### What you are asked to do
Print the whole listing, character for character.

### Input data
•••
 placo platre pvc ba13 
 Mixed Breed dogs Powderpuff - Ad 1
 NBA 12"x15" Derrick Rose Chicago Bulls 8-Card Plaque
•••
### Result of the task
 placo platre pvc ba13 
 Mixed Breed dogs Powderpuff - Ad 1
 NBA 12"x15" Derrick Rose Chicago Bulls 8-Card Plaque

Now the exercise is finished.